Case in point: XUL has been around for years (both in development and
release), yet it is not widely adopted as a platform for software
development.


I think this has largely to do with the fact that Mozilla for teh past few years has been such a bloody slow beast that no one wanted to write applications for it. I myself had a hard time, until Firebird became stable. Now it's a joy to write for, even though the learning curve is pretty steep.


I don't have any first hand experience with XUL, but I'm skeptical.
I've noticed that with mozilla and even firebird, it seems every minor
browser version breaks one or more skins. Some of the old skins can
crash the new browser.

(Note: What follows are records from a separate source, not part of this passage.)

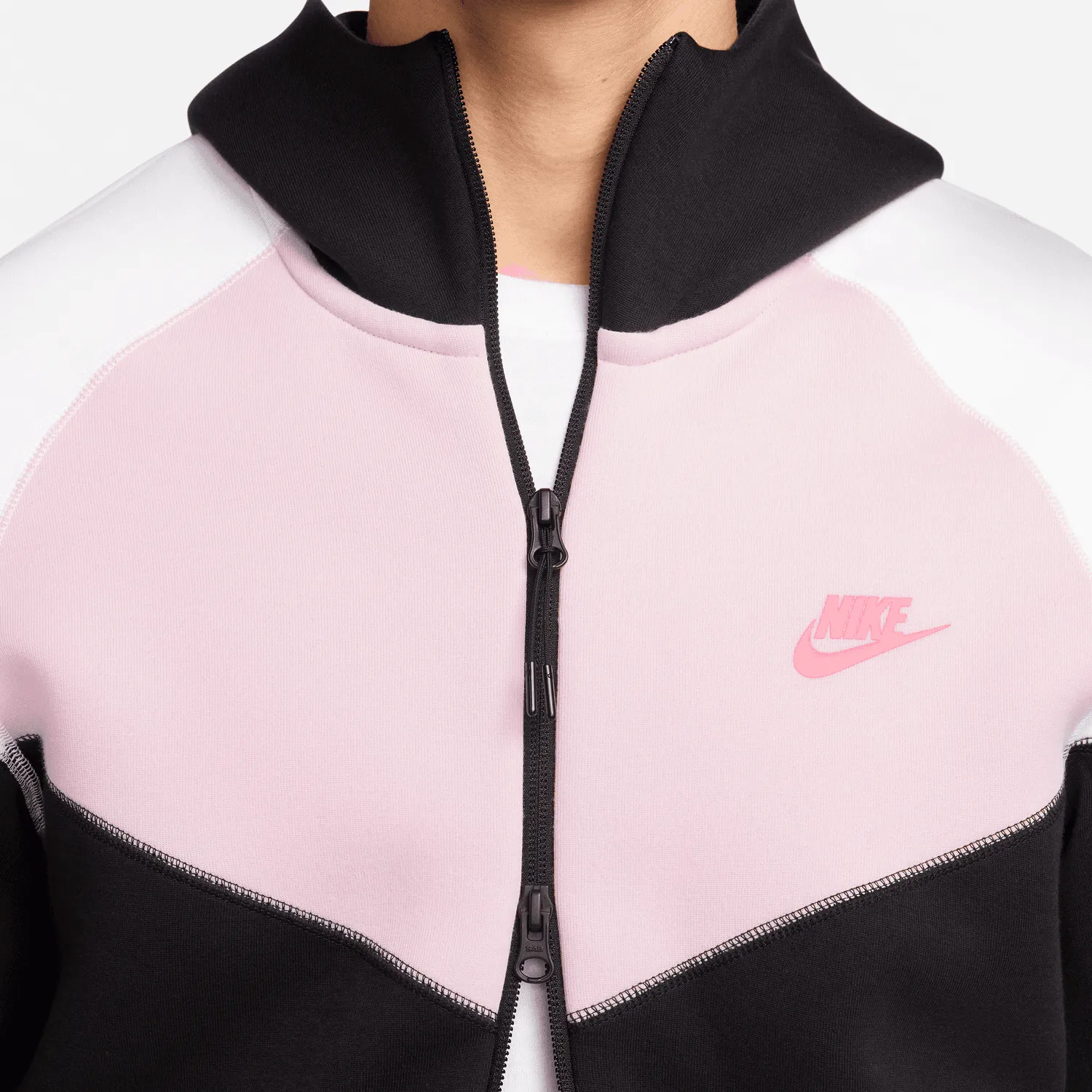 Sweat Nike Tech Fleece Windrunner - Rose/Noir/Blanc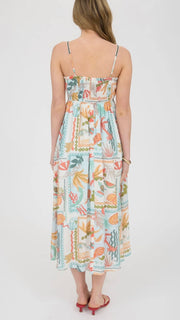 Summer Tropical Print Midi Dress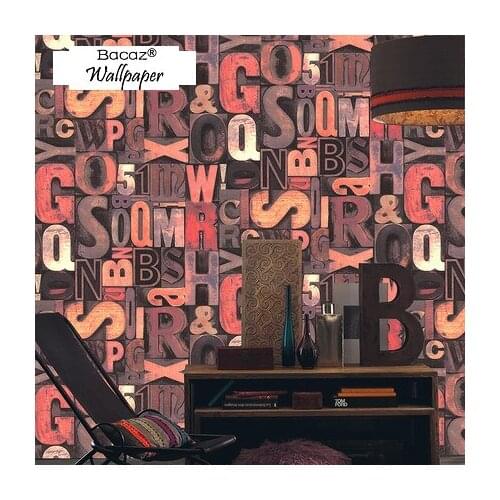 Quality 3d papel parede English Alphabet Vinyl 3D Wallpaper Mural Rolls for Background KTV Bar loft vintage letter 3d wall paper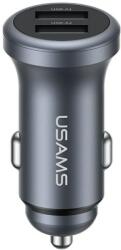 USAMS CC320 Aluminium 2.4A 2xUSB-A autós töltő szürke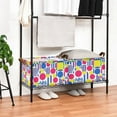 thumbnail image 3 of Yayeee Foldable Storage Basket for Shelves with Handles Set of 2 Waterproof Cloth Bins, Red Retro Shapes, 3 of 7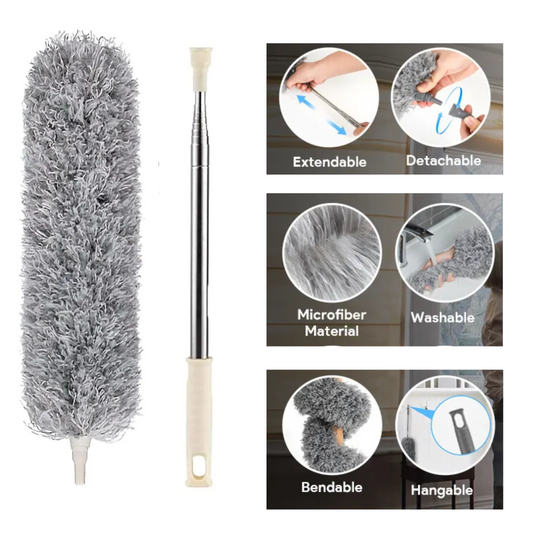 Bendable Microfiber Feather Duster – 100” Expandable Handle - Unikaart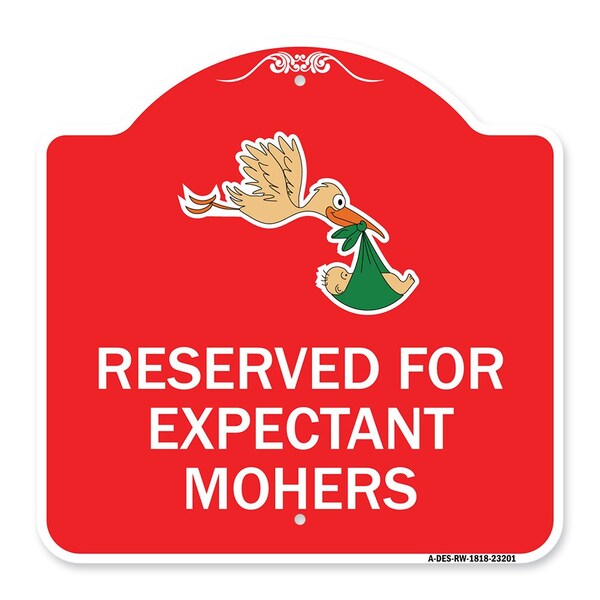 Reserved for Expectant Mothers With Stork & Baby Graphic, Red & White Architectural, RW-1818-23201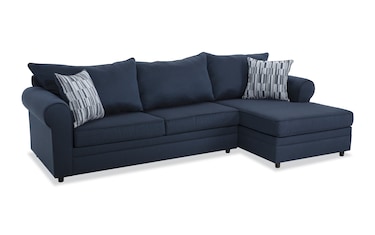 Nova Navy 114'' 2 Piece Right Arm Facing Full Gel Sleeper Chaise ...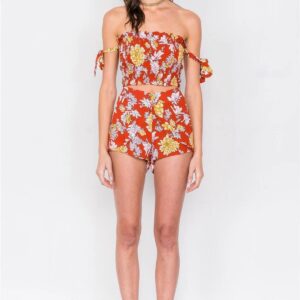 Floral Off-Shoulder Tie Crop Top & Skirt Set with Ruched Bodice and Frill Hem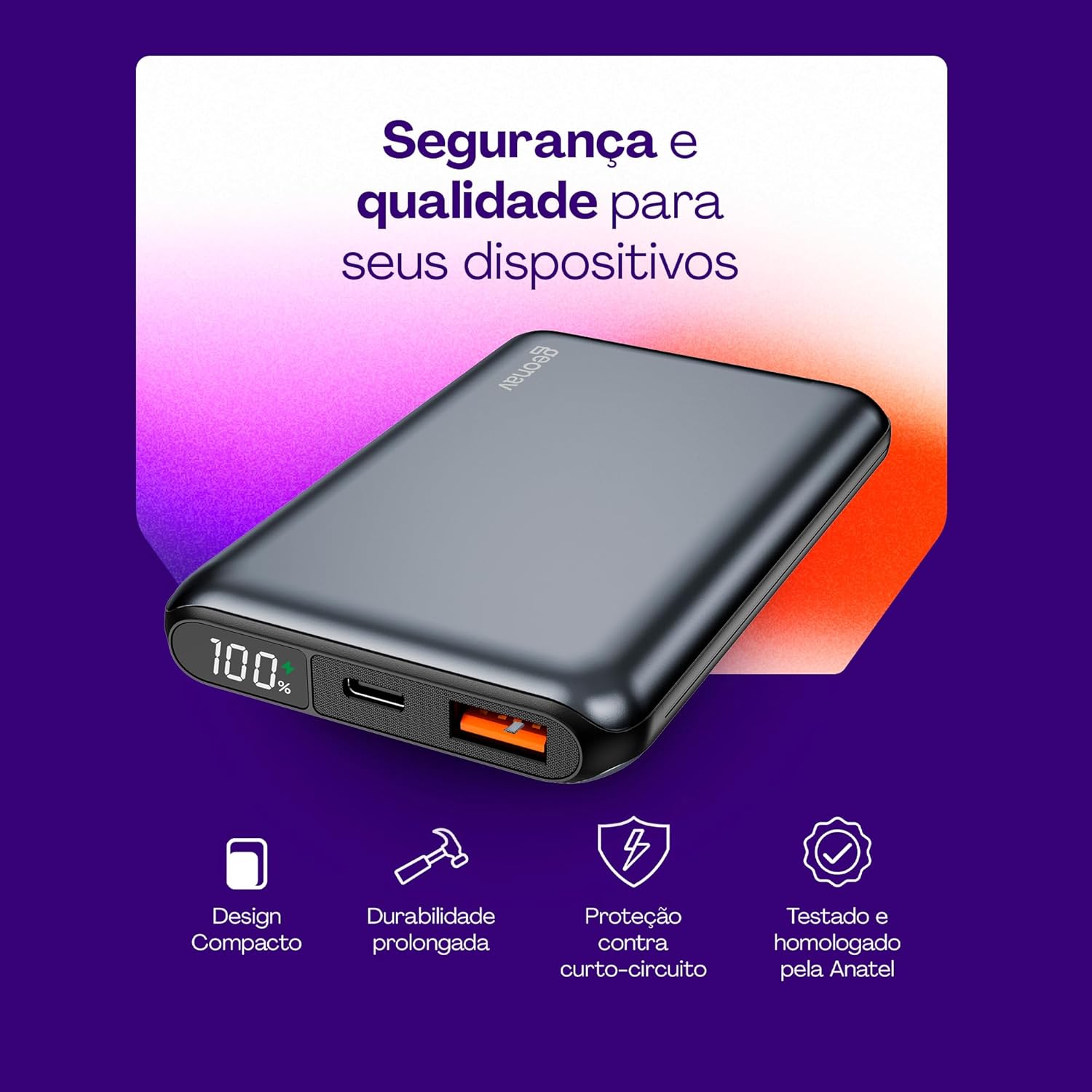 Geonav Power Bank, Carregador Portátil Universal 10.000mAh, USB-A (até 18W) + USB-C (até 20W), Compacto, Carregamento Rápido, Pass Through, Led Indicador de Bateria, PB10K20WSG, Cinza espacial - Imagem 3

At least from my perspective as a user it
looks pretty brittle and fragile.


<soap-box>
This, AFAIK, is due to changes in the underlying XUL. XUL describes the layout of the application, and the CSS describes what it will look like. CSS is usually bound to elements in the XUL code based on ID, and if changes in the underlying XUL occur, then the CSS must change as well.


Mozilla and Firebird are extremely complicated applications, and while the skinning functionality is a very flexible feature, it is as much a part of the application development process as the XUL+JavaScript itself. If you were developing an XSP web app, your XSL stylesheet would be an integral part of that application, and a fundamental change in one would require a change in the other. That is what's going on here.

So, this skinning method may seem brittle to end users, but gives the developers a very extensible development environment.
</soap-box>


I see what you mean though. I for one wish the Orbit theme worked on the latest nightly build. Oh well, you can't have everything.